### TASK INPUT
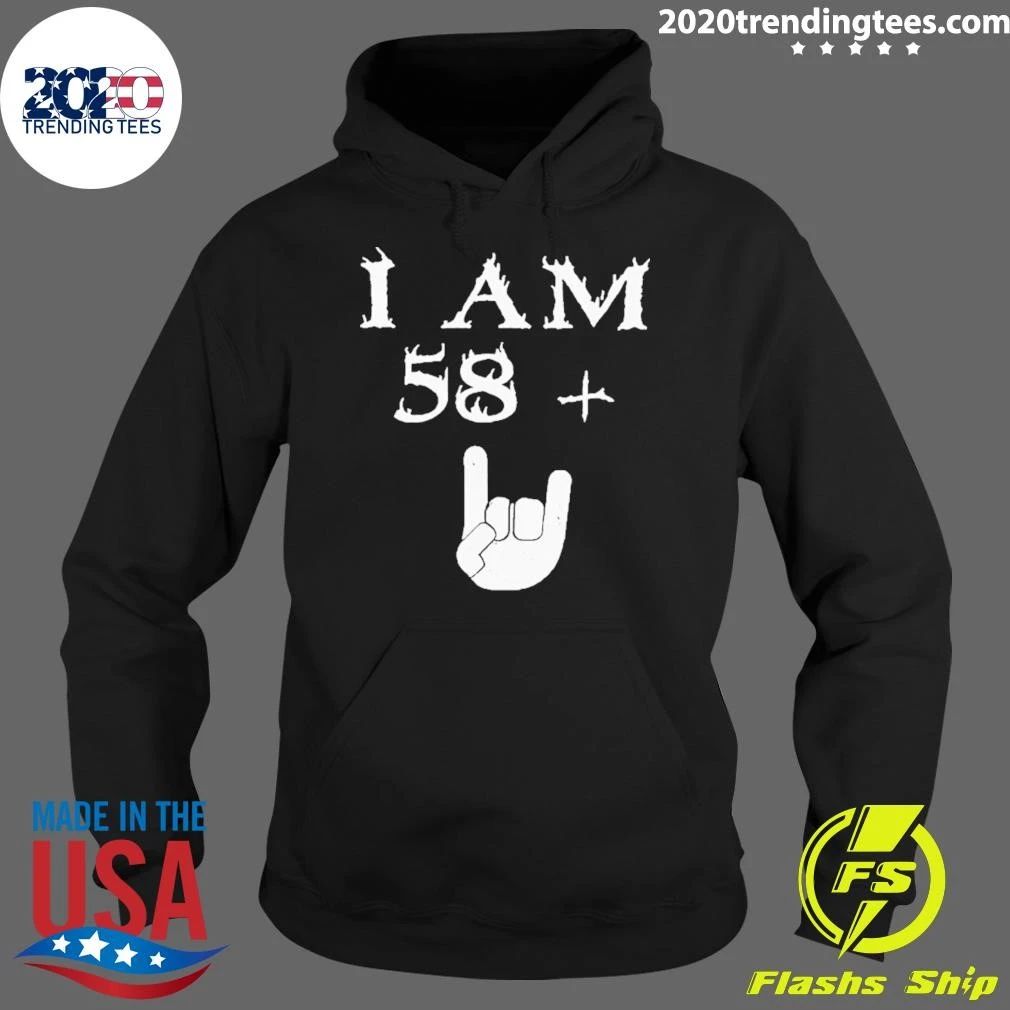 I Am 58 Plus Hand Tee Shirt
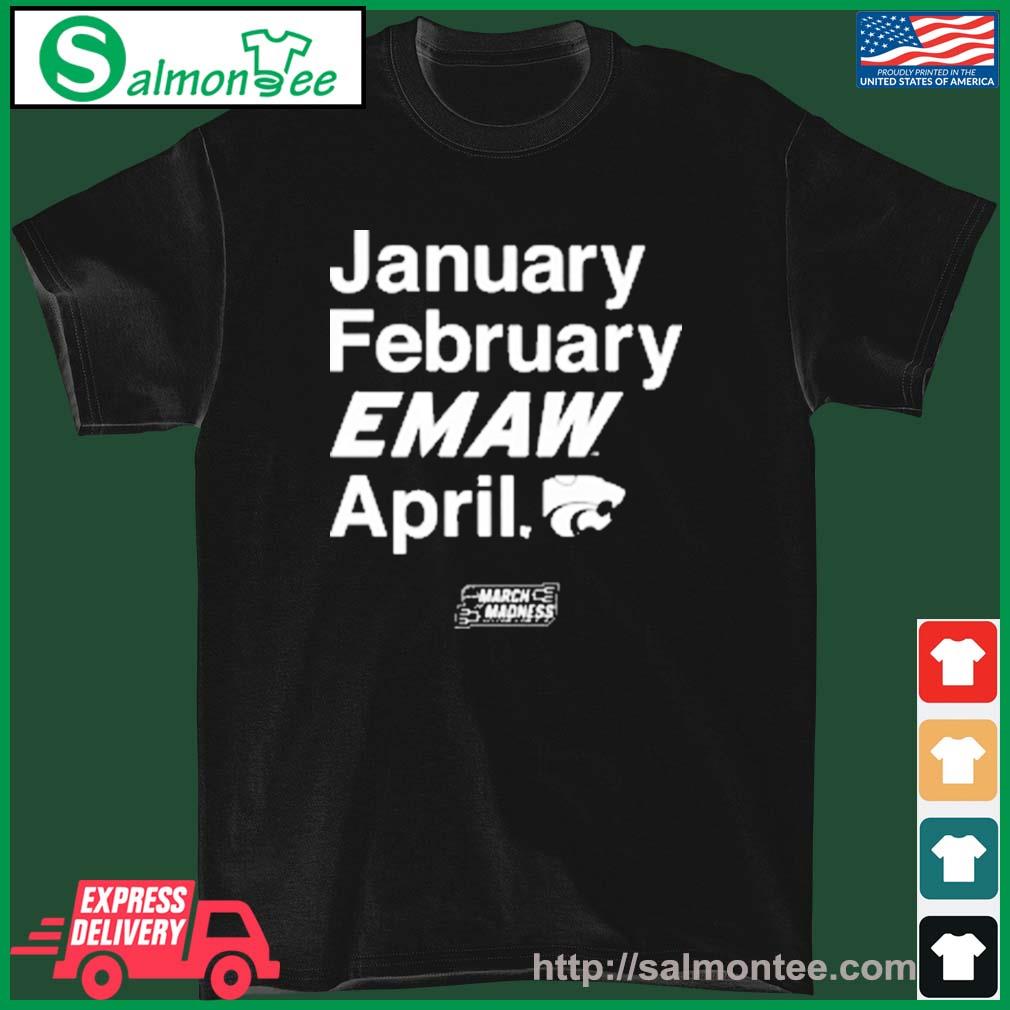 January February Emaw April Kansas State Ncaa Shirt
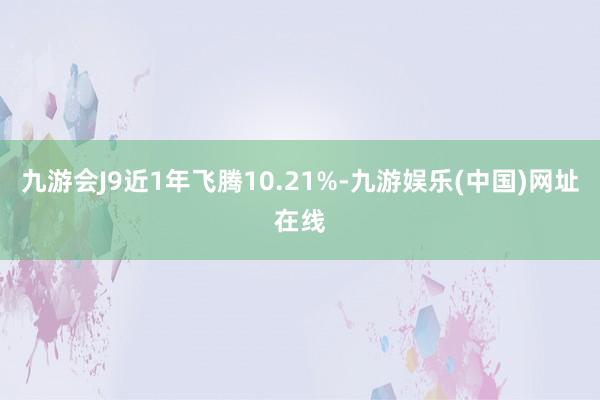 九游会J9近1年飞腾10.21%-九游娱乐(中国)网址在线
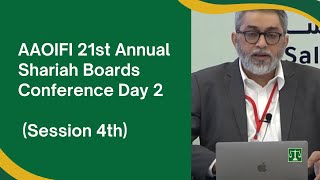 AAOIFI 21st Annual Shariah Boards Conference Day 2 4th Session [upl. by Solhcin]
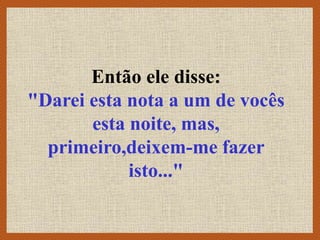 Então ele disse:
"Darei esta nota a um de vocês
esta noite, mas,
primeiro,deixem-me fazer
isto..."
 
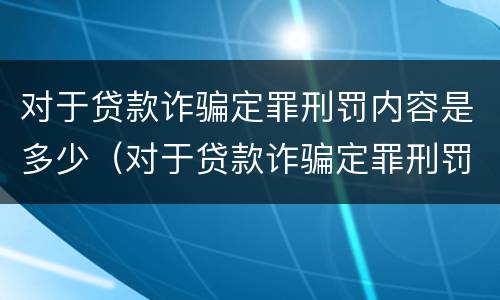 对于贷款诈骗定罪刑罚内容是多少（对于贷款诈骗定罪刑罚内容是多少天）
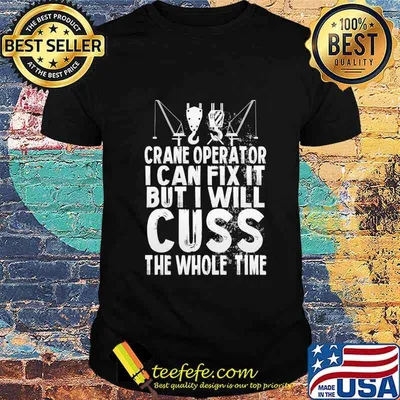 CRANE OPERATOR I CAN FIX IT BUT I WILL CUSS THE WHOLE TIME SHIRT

### TASK DIRECTIONS
Filter the lines above so that only those with the string "esta" remain, then copy them.

### ANSWER BOX
"Darei esta nota a um de vocês
esta noite, mas,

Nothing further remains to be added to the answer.